Unterdessen wird die äußere Neugestaltung der Emscher weitergehen: Die einst befestigten, schnurgeraden Ufer bekommen wieder Kurven und abwechslungsreiche Böschungen. Das wird in der Holtener Emscheraue im Nordwesten von Oberhausen auf besonders spektakuläre Weise geschehen. Hier soll die kurvenreiche Emscher wie ein natürlicher Fluss mäandern – ausgestattet mit großen Überflutungszonen, die den Risiken des Klimawandels und dem immer häufiger auftretenden Starkregen Rechnung tragen. Eine eindrucksvolle Zahl: Der Inhalt von knapp zehn Millionen Badewannen – insgesamt 1,6 Millionen Kubikmeter Wasser – kann innerhalb des nach außen verlegten Deiches zurückgehalten werden.

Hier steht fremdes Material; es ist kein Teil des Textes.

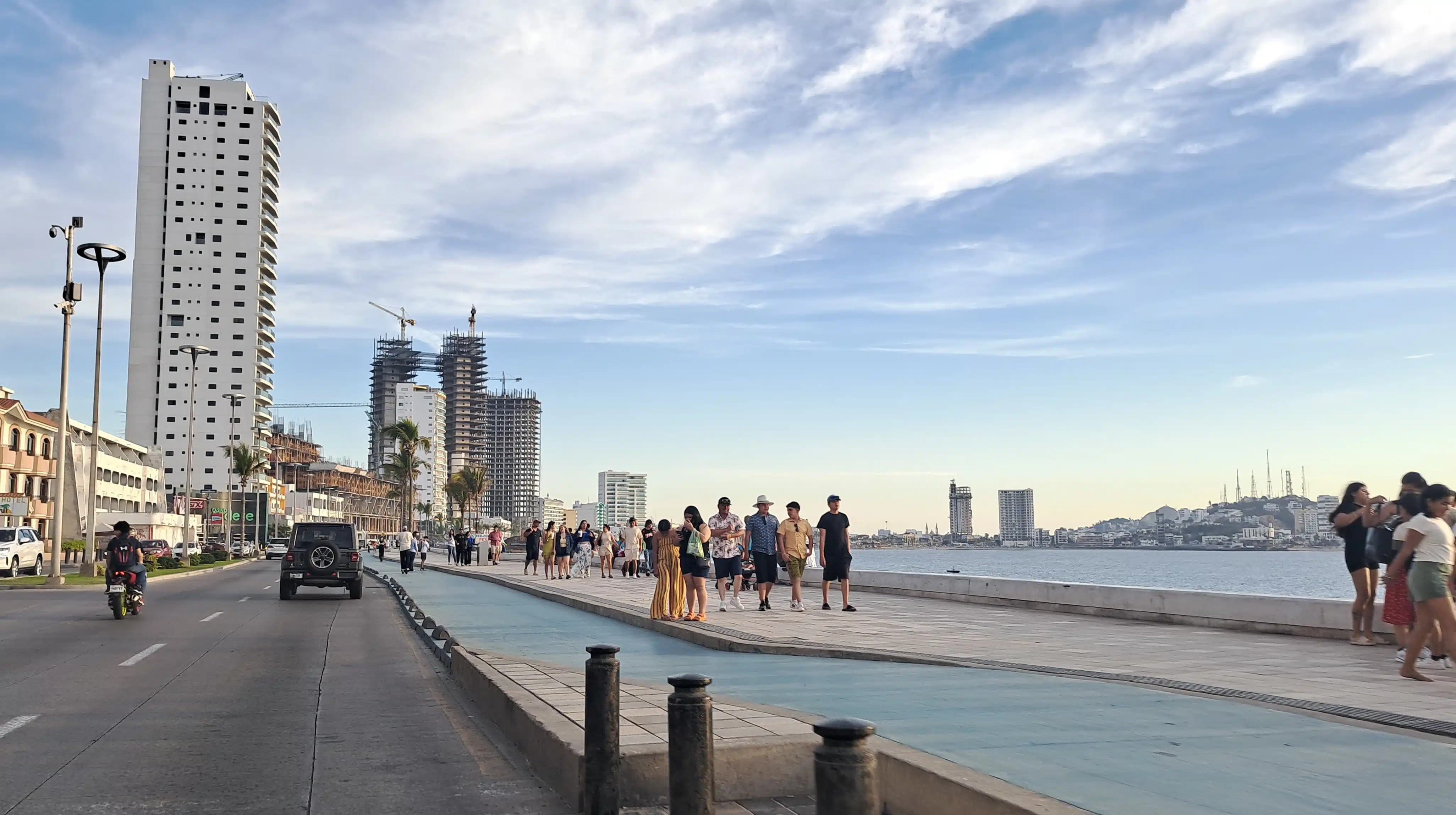 Turistas y familias locales disfrutan del malecón de Mazatlán este inicio de año 2025.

Eisvogel und Gebirgsstelze sollen sich im Holtener Bruch wohlfühlen

Der Eisvogel soll sich künftig auch am Unterlauf der Emscher, etwa im Holtener Bruch, ansiedeln.
Der Eisvogel soll sich künftig auch am Unterlauf der Emscher, etwa im Holtener Bruch, ansiedeln. © dpa | Julian Stratenschulte

Im Oberlauf der Emscher leben bereits wieder Groppen und Stichlinge – und sogar einzelne Forellen seien dort schon gesichtet worden, heißt es. Das soll künftig auch am Unterlauf etwa in Oberhausen der Fall sein. Dann könnte sich der Eisvogel, ein Indikator für eine gute Gewässerstruktur, im Holtener Bruch genauso wohlfühlen wie die Gebirgsstelze und die Blauflügel-Prachtlibelle.